Just below, in the shadows of the ruins, is what's left of the Romanesque Capela de São Miguel, or Sao Miguel Chapel. Erected in the 12th century, it is a well-preserved relic of the past whose most intriguing aspect is its eerie cluster of tombs carved into solid rocks.

For a true look at the genius of Monsanto's medieval architects, visit the Casa de uma só telha (house with just one tile). The roof of this house is a gigantic boulder perched ominously on top of the granite residence.

When to visit

The liveliest day of the year to visit Monsanto is 3 May, when the village comes alive with celebrations for the Festival of the Holy Cross. Commemorating the resistance to a long history of sieges, the women of the village will throw rag-dolls (known as "marafonas") and flowers from the top of the castle walls in a scene that honours the legend that attackers abandoned their siege after starving villagers threw their last lonely calf over the walls, as if they had plenty to spare.

A great way to delve into the soul of this region is through its cuisine, with typical dishes featuring asparagus, roasted kid, lamb and sheep's cheese. Start off with breakfast in Taberna Viriato to introduce yourself to the flavours of Lusitania. Steeped in history, the space that this rustic restaurant now occupies was actually the community wood fire oven when it was first built in the early 20th century.

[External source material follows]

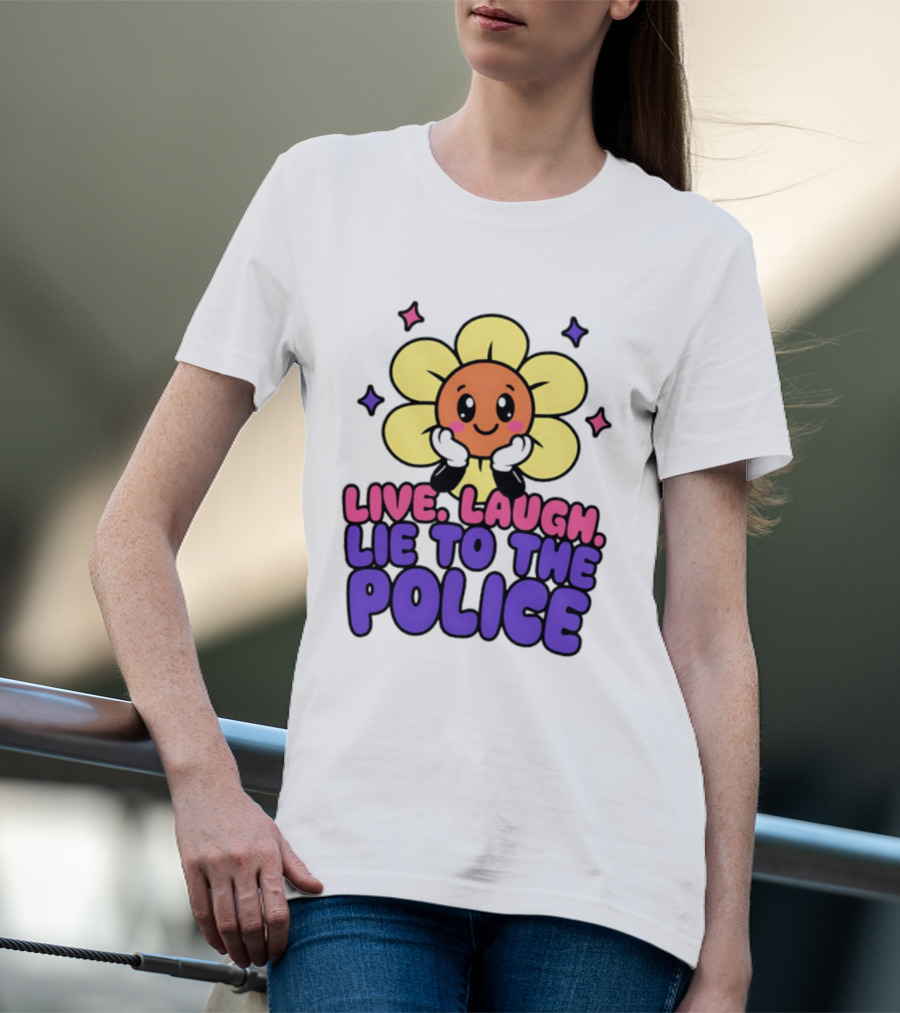 Live Laugh Lie To The Police Cute Cartoon Flower Stars T-Shirt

By night, head to Petiscos e Granitos restaurant which, wedged between gigantic boulders, not only boasts one of the most impressive examples of such construction in the village, but also a beautiful back terrace with incomparable views of the sun going down over the plains. The panorama is best accompanied by a copo de vinho (glass of wine) and offerings such as grilled lamb chops with roasted potatoes or asparagus with scrambled egg and ham.

WHERE TO STAY

A trip to Monsanto would not be complete without staying in a beautiful rock-carved house with a friendly local. Casa da Gruta (Cave House) is a stunning rustic stone house decorated with original 17th century furniture. To up the luxury factor, stay at the more exclusive Casa de Leão (Lion House), which boasts splendid views from the windows down onto the valley below.